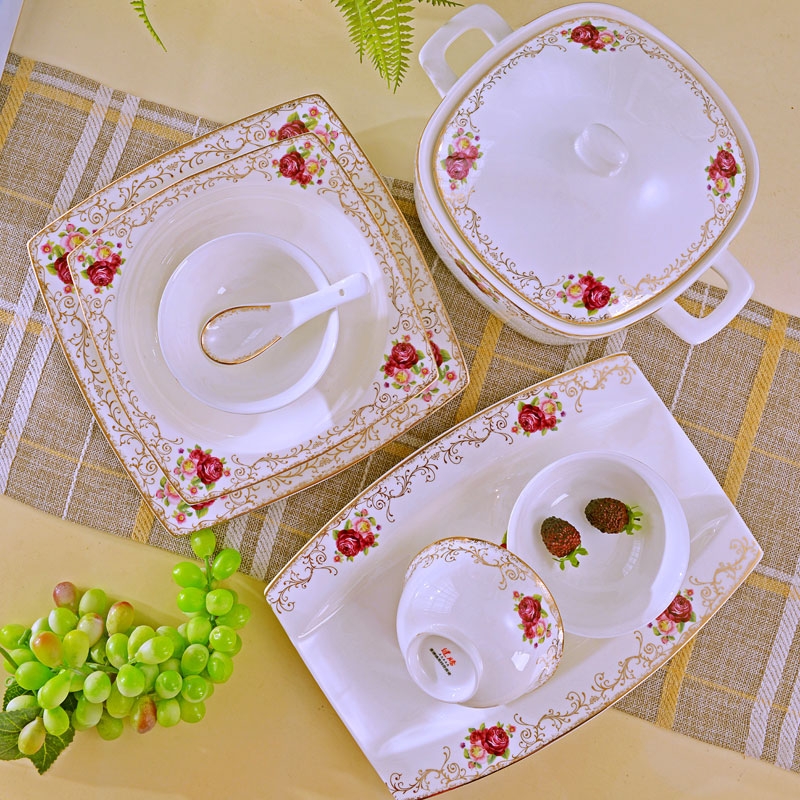 Qiao mu suit jingdezhen ceramics tableware Chinese style household gifts ipads porcelain bowl chopsticks to eat rice bowl dish plate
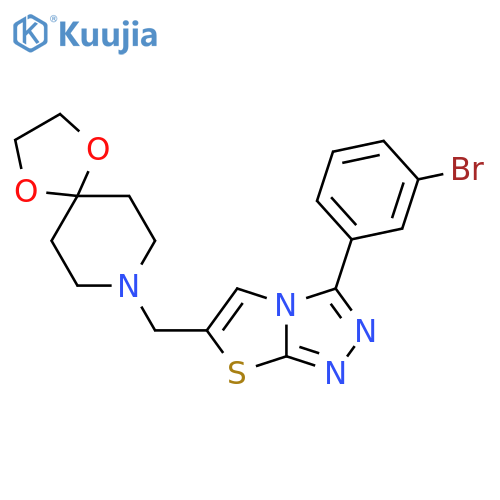 8-{3-(3-bromophenyl)-1,2,4triazolo3,4-b1,3thiazol-6-ylmethyl}-1,4-dioxa-8-azaspiro4.5decane structure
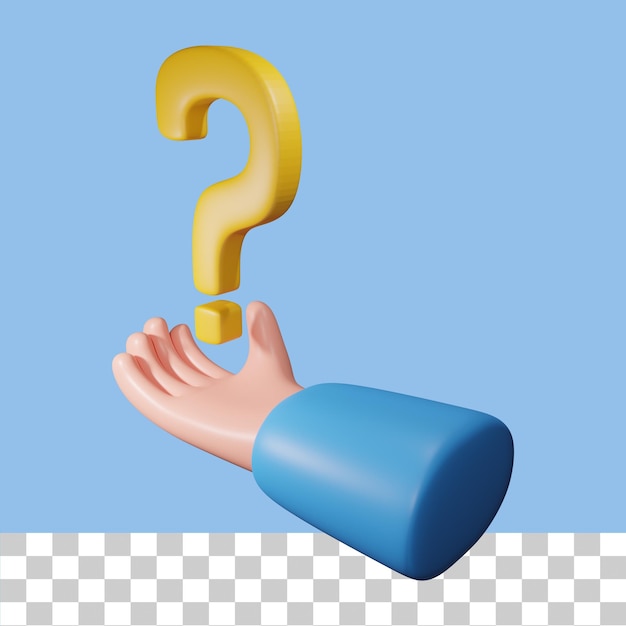 main tenant une illustration 3d de question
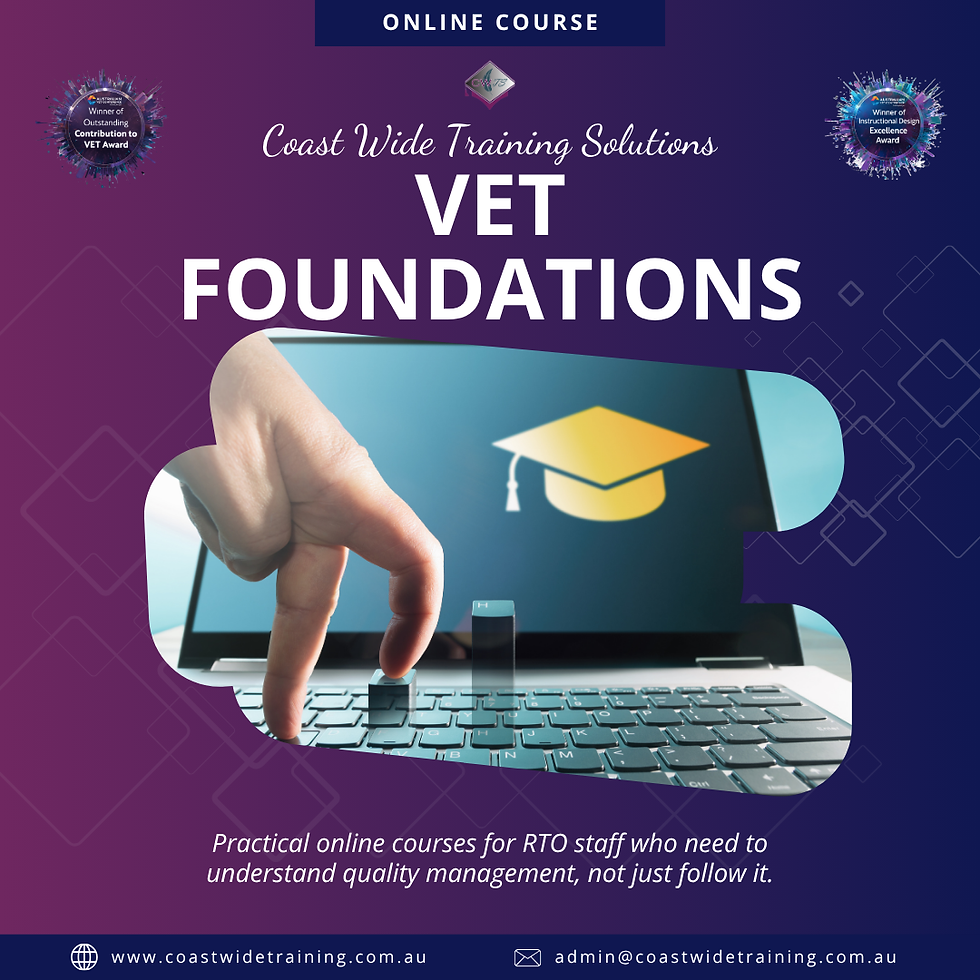 VET Foundations 2025 online course for new RTO staff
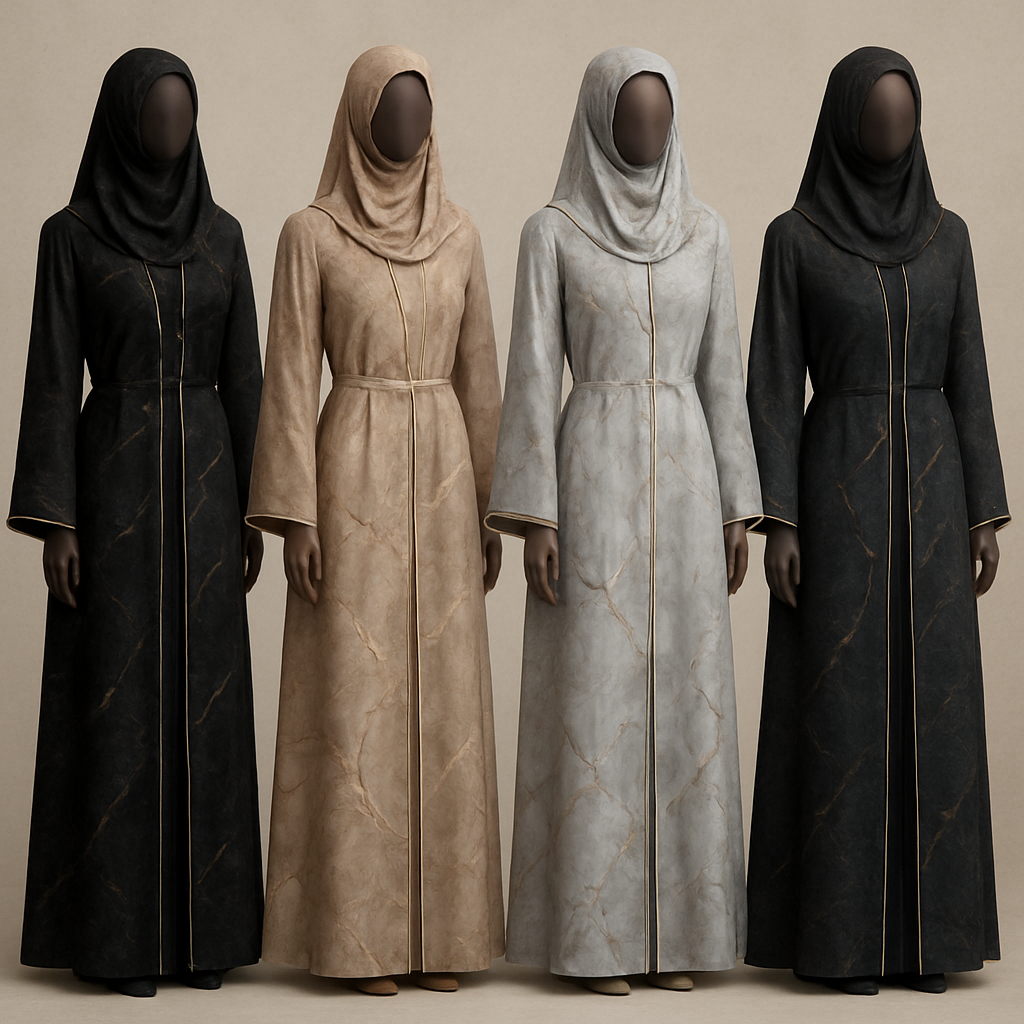 Create a modest two piece abaya, first of its kind, featuring a unique stone design that exudes a classy and sophisticated vibe. I'd like four designs, each showcasing different styles and fabrics. Incorporate high-end, unique chic stone designs to make them truly special. Add little sophisticated stone designs. Make it irresistible!
Create a modest two piece abaya, first of its kind, featuring a unique stone design that exudes a classy and sophisticated vibe. I'd like four designs, each showcasing different styles and fabrics. Incorporate high-end, unique chic stone designs to make them truly special. Add little sophisticated stone designs. Make it irresistible!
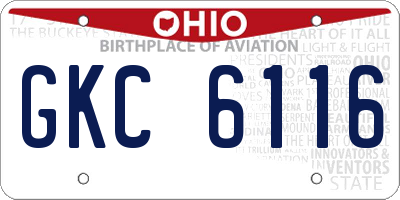 OH license plate GKC6116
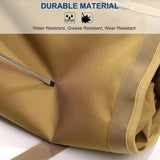 Khaki Portable Roll-Up Tool Organizer with Zippered Pockets - Front View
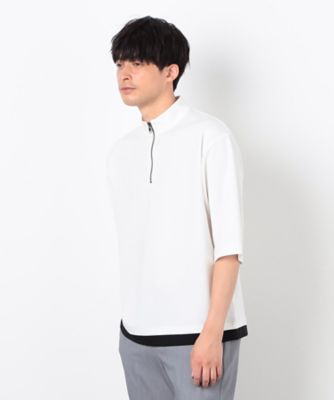 ＜COMME CA ISM (Men)＞七分袖　フェイクレイヤード　ハーフジップＴシャツ（４７６０ＴＫ０８）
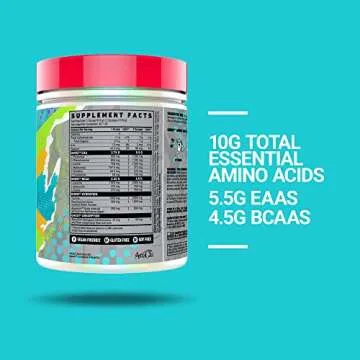 GHOST Amino: Essential Amino Acid Supplement, Blue Raspberry - 40 Servings - Intra-Workout Powder for Hydration & Recovery 4.5g BCAA & 5.5g EAA - Soy & Gluten-Free, Vegan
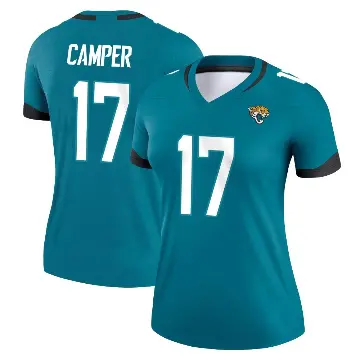 ＃17 Women's Cam Camper Teal Legend Jacksonville Jaguars Jersey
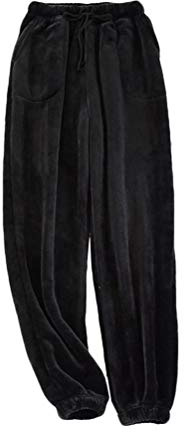 Onsoyours Pyjama Femme Homme Polaire Pantalon Hiver Taille Haut Chaleur Intérieur Femme Bas Homme Super Doux Confortable Automne Ample Velours Fourrure élastique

# Required action
From the line containing "CA ISM (Men)＞七分袖　フェイクレイヤード　ハーフジップＴシャツ（４７６０ＴＫ０８）" down to the final line of the listing above, write out only those lines exactly as they are, minus the pictures.

# Response to this exercise
 ＜COMME CA ISM (Men)＞七分袖　フェイクレイヤード　ハーフジップＴシャツ（４７６０ＴＫ０８）
 GHOST Amino: Essential Amino Acid Supplement, Blue Raspberry - 40 Servings - Intra-Workout Powder for Hydration & Recovery 4.5g BCAA & 5.5g EAA - Soy & Gluten-Free, Vegan
 ＃17 Women's Cam Camper Teal Legend Jacksonville Jaguars Jersey
 Onsoyours Pyjama Femme Homme Polaire Pantalon Hiver Taille Haut Chaleur Intérieur Femme Bas Homme Super Doux Confortable Automne Ample Velours Fourrure élastique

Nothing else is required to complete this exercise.